China singer denied bank account because he’s blind

By Kerry Allen
BBC Monitoring

Image source, BTime
Image caption, Mr Zhou was repeatedly asked "Can you not see at all?"

A Chinese folk singer has received an apology from a bank after he was denied an account because of his disability.

Zhou Yunpeng is blind, and was told he was not allowed a bank account when he visited his local Bank of China branch in southern Shenzhen.

The bank said it was because he was deemed to be "a person without capacity for civil conduct".

The incident has sparked discussion on Chinese media about whether enough is being done to help the disabled.

Some 85 million people in China have a disability, 17 million of whom are visually impaired.

'Without civil capacity'

Mr Zhou said on 26 March that he already had a personal Bank of China account, and visited the Shenzhen bank to set up a business debit card.

He posted on the popular Sina Weibo microblog that he was repeatedly asked by an unnamed member of staff: "Can you not see at all?"

When he confirmed that he couldn't, he was told that "people without civil capacity cannot be set up" with an account, and was refused further service.

"China's General Principles of Civil Law stipulates that adults (people over the age of 18) are fully capable of civil conduct. I would like to ask the Bank of China why you do not think I have civil capacity," he asked on Weibo.

The official CGTN broadcaster classifies people with no capacity for civil conduct as "those who are mentally unsound and incapable of discretion in their actions".

'Lacks basic common sense'

Image source, BTime
Image caption, Many on social media said the incident was discrimination against Mr Zhou

Mr Zhou's post sparked outrage across the country, and prompted shares and comments from thousands of users.

Many said they were "shocked" by the bank's decision, and blamed excessive bureaucracy coming at the expense of basic respect.

"This member of staff lacks basic common sense and courtesy," said one user, receiving more than 2,000 likes for the comment.

Another said that "discrimination against the disabled has gone too far".

Many users called on the bank to make a public apology.

'Experience is not uncommon'

Image source, Zhou Yunpeng/Sina Weibo
Image caption, Mr Zhou shared the Bank of China's "sincerest apology" on his Weibo page

Mr Zhou says that he has since received a letter from the regional branch.

The Bank of China says that it is investigating the incident, and the letter offers Mr Zhou "the sincerest apologies" for the way he was treated. It "promises better and more professional services in the future".
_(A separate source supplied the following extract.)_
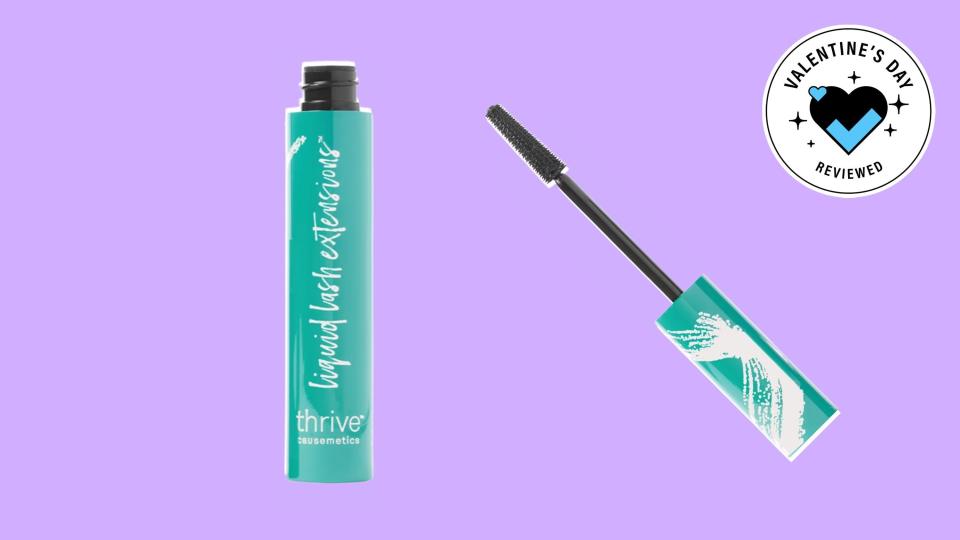 Lengthen your lashes with the Thrive Causemetics Liquid Lash Extensions Mascara.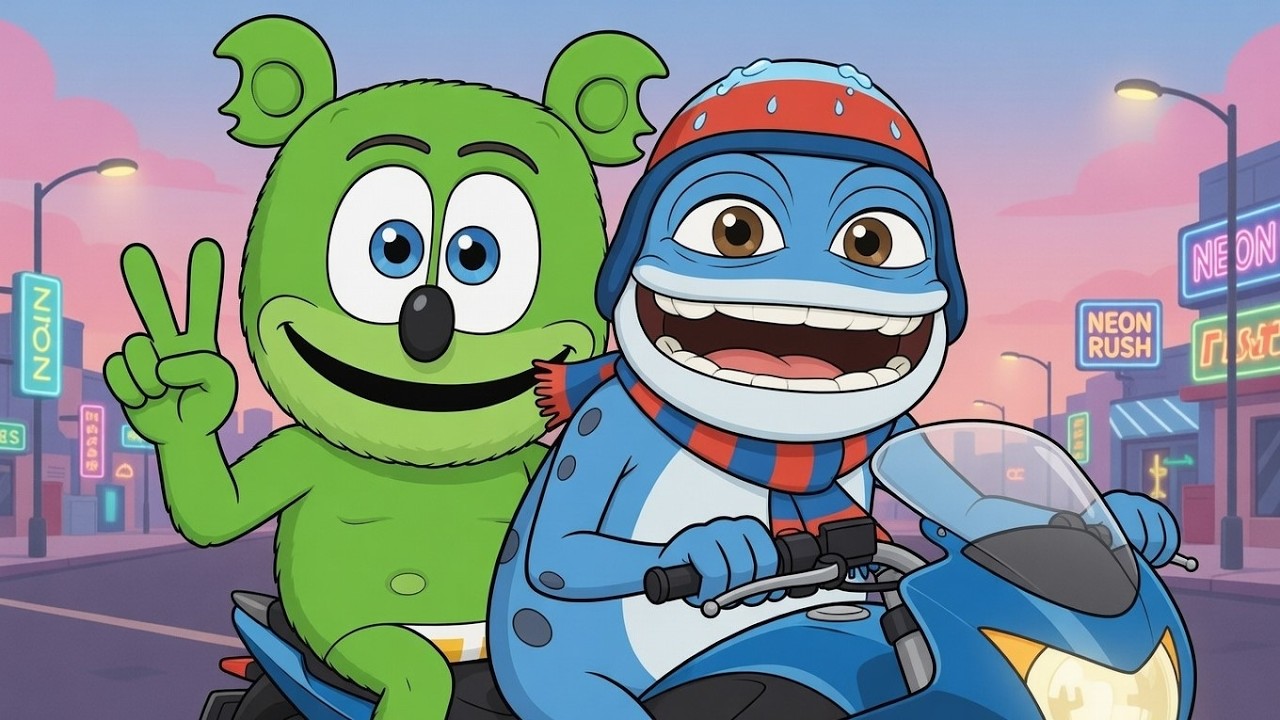 Crazy Frog Tiles Hop but it gets INSANE 😱🐸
National newspaper Global Times highlights that "Zhou's experience is not uncommon in our country" and recalls an incident in March 2016 where a blind Chinese man was refused a loan at a bank in eastern Wenzhou, Zhejiang province, because he was unable to individually read the terms and conditions.
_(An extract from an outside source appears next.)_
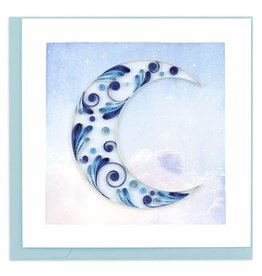 quillingcard Quilled Crescent Moon Card, Vietnam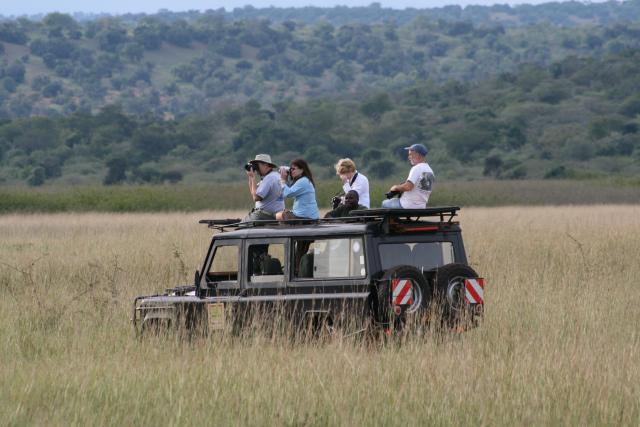 Game drive in Akagera National Park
CGTN says that ATMs in China are all expected to have braille, and that bank clauses and signatures should also be available in braille, so that visually impaired people can use these services by themselves.

However it adds that staff at some banks "may not be familiar with the procedures" for helping people with visual impairments.

'Cold and cruel'

Official Chinese media have published articles after the incident stressing that the Beijing government is continuously doing more to help China's wider disabled community.

CGTN applauds the government's efforts to lift some five million disabled people out of poverty in the last five years, and highlights the Chinese Paralympic curling team's gold win at the 2018 Pyeongchang Games, and how they received a warm welcome home.

But it says that "challenges remain" in helping China's disabled secure the right help.

Lu Yong, president of the China Disabled Persons' Federation, tells broadcaster CCTV that resources and quality of education are still limited for people, particularly in rural areas.

"There are 2.8m registered disabled people who still live in poverty," Lu says. Of China's 85 million disabled people, 70% live in rural areas.

One Weibo user has revisited a 2016 article on the website, which asks: "Why is it that developed countries offer friendly and convenient places for vulnerable people and yet Chinese society is so cold and cruel?"